VIDA REAL
Pues hoy me he visto haciendo la compra en el mercado del
pueblo. Ya he dicho que el ritmo es más pausado. Aunque uno tenga acceso a los
estantes, hay lugares en que se hace necesario esperar turno, especialmente en
la pescadería, en la carnicería y en la frutería. Y esperando turno en la
frutería me he encontrado con la prueba de mi paciencia.
—Quiero unas fresas ¿Están buenas?—Pregunta la clienta.
—Son las que hay señora, nadie se ha quejado—Responde el
frutero.
—Es las que llevó ayer mi vecina tenían moho.

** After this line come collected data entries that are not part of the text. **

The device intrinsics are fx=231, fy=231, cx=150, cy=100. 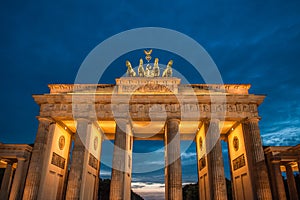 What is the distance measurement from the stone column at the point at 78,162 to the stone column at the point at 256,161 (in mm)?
16478

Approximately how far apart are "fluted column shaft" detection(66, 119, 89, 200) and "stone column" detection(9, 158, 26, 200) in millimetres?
5251

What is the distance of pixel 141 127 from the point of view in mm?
28172

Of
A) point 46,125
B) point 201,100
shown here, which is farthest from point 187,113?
point 46,125

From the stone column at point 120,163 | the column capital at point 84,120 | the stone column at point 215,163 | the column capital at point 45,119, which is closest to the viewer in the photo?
the stone column at point 120,163

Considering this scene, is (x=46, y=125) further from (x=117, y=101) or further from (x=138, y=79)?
(x=138, y=79)

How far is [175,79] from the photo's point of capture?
88.3ft

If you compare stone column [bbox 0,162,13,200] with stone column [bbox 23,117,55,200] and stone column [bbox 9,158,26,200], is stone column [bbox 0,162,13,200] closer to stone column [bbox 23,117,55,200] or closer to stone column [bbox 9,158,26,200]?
stone column [bbox 9,158,26,200]

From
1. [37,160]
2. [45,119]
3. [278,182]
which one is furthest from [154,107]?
[278,182]

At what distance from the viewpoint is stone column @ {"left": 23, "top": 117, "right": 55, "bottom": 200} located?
20.8 meters

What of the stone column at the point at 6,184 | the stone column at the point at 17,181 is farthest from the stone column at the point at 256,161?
the stone column at the point at 6,184

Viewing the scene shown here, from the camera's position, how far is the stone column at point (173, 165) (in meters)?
→ 20.5

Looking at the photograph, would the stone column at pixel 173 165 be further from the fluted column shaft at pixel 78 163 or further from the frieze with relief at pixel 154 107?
the fluted column shaft at pixel 78 163

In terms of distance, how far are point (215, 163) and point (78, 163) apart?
1312cm

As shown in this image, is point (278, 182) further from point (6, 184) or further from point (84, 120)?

—Pues no sé la razón. Yo las he mirado y no me parece que
tengan.
—Yo también me he fijado. Pues póngame algunas.
—¿Cuánto le pongo? La caja es de un kilo.
—Es mucho ¿Me puede poner 900 gramos? Es que voy a compartirlas
con mi vecina.
—¿La del moho?
—No la que vive en frente de la del moho. Es que a su hija
le gustan mucho, y como está muy atareada me ha pedido que le lleve unas
cuantas. Ha dicho que me las pagará, pero yo se las voy a regalar. Es que la
hija, que es muy mona, está saliendo con un chico muy formal y estudioso. Ahora
estudian juntos todos los días. No puede ayudar a su madre y la pobre no da abasto.
Así que como le gustan las fresas les voy a llevar unas pocas, pero no muchas
no sea que se indigesten. Y no se las voy a llevar con moho, como le pasó ayer
a mi otra vecina.
—Señora ¡qué no tienen moho! Si usted encuentra una me la
trae y yo se la cambio.
—No le quepa duda que lo haré si eso pasa.
Yo rezaba para que la señora se conformara con la fresas, no
sé si tendría más vecinas con hijos que salen y sin mucho tiempo. Tampoco me
imaginaba si les regalaría más fresas, melones o chirimoyos. Pero la sensación
de haber agotado toda la paciencia dejó paso a la nueva impresión de que había
visitado la entrada de un blog en el que una señora nos exponía una pequeña historia
sobre sus vecinas, las hijas de sus vecinas y el moho de las fresas de ayer. Si
hubiese podido le habría dado un “like”.
La vida real es tan atractiva como la virtual, es cierto que
uno asume riesgos diferentes. Vagar por la calle es muy pacido a navegar por la
red. Uno encuentra escaparates, comentarios y tiene las mismas oportunidades
para conversar. Los comentarios pueden transformarse en diálogos. Eso si corro
el riesgo de confundir, quizás el amigo al que yo comento cada artículo y él me
lo devuelve coincidimos en una cola para comprar y discutimos por quien está
delante. Lo que me lleva a pensar cuanto de persona virtual tengo en las redes
sociales y cuánto se diferencia de la persona real.